Mr. Henley was breezy at the wheel. He loved his car. And so did Aunt Miami. They were always putting on fancy “duds,” as Derek would say, and driving to Portland to the Rotary Club dances just for the fun of it.
“I shouldn’t be driving at all now because rubber tires wear out and you can’t get new ones these days. The rubber is all being used by the government for the war. And you know gas is going to be rationed soon but because I am a mailman, I’ll have a C sticker and I will get more ration tickets for gas than some,” said Mr. Henley, smiling. Then he began to recite some of his poems. He was a poet and getting better and better with every poem, Auntie said. But no publishers ever liked them. He could never even get his poems accepted by a magazine.
Mr. Henley was coming into his third verse of his third poem when I whispered again to Derek, “Why are we going to Portland?”
“Because I want to see my father before he sees me,” Derek said.
“Oh,” I whispered. But my heart dropped and sank, like a small pebble tossed into the sea.

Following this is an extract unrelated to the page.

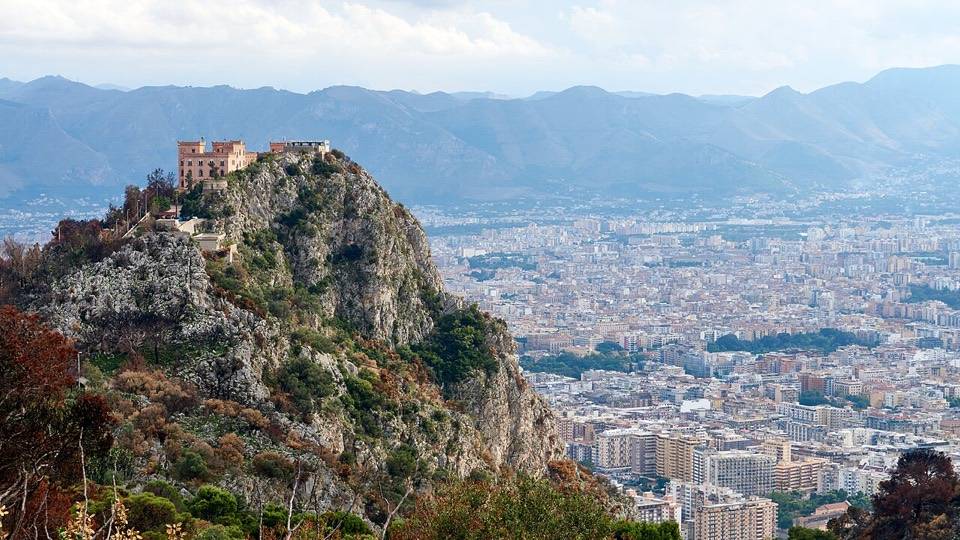 Castello Utveggio sul costone di Monte Pellegrino, con Palermo sotto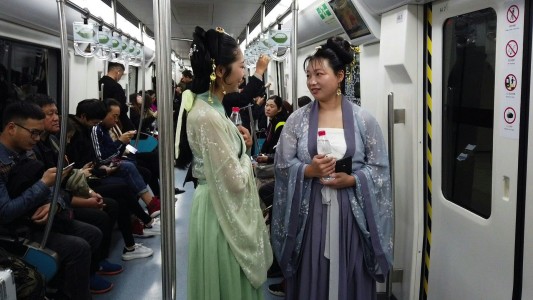 Vuelven a usarse los trajes tradicionales en China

“Have you heard the poem about Portland and the harbor there, by Henry Wadsworth Longfellow?” said Mr. Henley. “He grew up in Portland, you know.”
I remember the black wharves and the slips,
And the sea-tides tossing free;
And Spanish sailors with bearded lips,
And the beauty and the mystery of the ships,
And the magic of the sea.
“Oh, that’s lovely,” I said and then I whispered to Derek, “You mean we are going to the Eastland Park Hotel?”